● **Try it**: What is needed here is an exact repetition of the records below, beginning at the line that has "Nevada Panty Flower" and stopping after the line that has "Prodej rodinného domu, Praha".

START Available records

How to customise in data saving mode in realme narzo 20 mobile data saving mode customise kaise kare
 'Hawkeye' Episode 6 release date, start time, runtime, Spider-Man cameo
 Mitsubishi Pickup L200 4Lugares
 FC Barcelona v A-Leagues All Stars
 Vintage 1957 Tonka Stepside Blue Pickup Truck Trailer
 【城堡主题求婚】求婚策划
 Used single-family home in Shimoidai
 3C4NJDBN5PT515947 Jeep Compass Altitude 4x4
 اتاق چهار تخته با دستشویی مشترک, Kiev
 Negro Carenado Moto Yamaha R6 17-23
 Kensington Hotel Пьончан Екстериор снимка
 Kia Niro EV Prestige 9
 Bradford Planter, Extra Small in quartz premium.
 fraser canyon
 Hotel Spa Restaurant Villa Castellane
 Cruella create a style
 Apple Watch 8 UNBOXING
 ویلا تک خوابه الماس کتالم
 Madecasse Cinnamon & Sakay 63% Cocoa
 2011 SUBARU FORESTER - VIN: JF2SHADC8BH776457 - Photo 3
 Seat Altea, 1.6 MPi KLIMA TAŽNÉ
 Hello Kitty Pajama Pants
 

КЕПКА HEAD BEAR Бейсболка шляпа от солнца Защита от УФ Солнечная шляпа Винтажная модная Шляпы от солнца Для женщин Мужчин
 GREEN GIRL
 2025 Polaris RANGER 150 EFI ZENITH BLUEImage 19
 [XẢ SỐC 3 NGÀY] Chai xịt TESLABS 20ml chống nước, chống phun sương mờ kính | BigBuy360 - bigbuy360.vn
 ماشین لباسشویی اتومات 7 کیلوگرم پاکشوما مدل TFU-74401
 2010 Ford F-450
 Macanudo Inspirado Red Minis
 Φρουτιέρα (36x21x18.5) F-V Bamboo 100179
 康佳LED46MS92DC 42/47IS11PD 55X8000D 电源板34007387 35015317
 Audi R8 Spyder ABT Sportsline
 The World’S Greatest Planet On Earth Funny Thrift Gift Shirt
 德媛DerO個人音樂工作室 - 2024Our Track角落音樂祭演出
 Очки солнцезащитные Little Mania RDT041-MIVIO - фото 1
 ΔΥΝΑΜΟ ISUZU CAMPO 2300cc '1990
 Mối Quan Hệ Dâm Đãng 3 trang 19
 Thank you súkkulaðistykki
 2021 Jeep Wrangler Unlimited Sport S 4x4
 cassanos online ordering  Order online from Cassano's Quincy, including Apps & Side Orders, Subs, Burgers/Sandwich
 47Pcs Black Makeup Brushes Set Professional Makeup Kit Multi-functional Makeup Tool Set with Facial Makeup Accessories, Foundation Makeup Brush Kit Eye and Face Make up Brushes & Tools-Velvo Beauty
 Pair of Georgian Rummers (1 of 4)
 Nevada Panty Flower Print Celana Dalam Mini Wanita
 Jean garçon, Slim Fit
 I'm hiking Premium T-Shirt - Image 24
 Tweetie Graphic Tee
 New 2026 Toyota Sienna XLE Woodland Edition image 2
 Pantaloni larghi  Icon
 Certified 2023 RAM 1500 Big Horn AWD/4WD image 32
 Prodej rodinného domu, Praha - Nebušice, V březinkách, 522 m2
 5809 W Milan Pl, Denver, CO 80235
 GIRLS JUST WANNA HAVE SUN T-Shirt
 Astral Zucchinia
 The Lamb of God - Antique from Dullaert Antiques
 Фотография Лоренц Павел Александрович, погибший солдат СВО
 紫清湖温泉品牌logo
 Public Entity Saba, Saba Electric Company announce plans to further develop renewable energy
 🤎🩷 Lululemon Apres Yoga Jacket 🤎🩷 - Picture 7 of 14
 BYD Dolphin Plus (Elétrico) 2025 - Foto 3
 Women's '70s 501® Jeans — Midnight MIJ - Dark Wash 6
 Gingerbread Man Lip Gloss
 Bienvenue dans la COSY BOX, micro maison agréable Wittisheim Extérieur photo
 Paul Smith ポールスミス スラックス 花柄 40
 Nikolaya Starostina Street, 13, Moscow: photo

END Available records

● **Result for this task**:
 Nevada Panty Flower Print Celana Dalam Mini Wanita
 Jean garçon, Slim Fit
 I'm hiking Premium T-Shirt - Image 24
 Tweetie Graphic Tee
 New 2026 Toyota Sienna XLE Woodland Edition image 2
 Pantaloni larghi  Icon
 Certified 2023 RAM 1500 Big Horn AWD/4WD image 32
 Prodej rodinného domu, Praha - Nebušice, V březinkách, 522 m2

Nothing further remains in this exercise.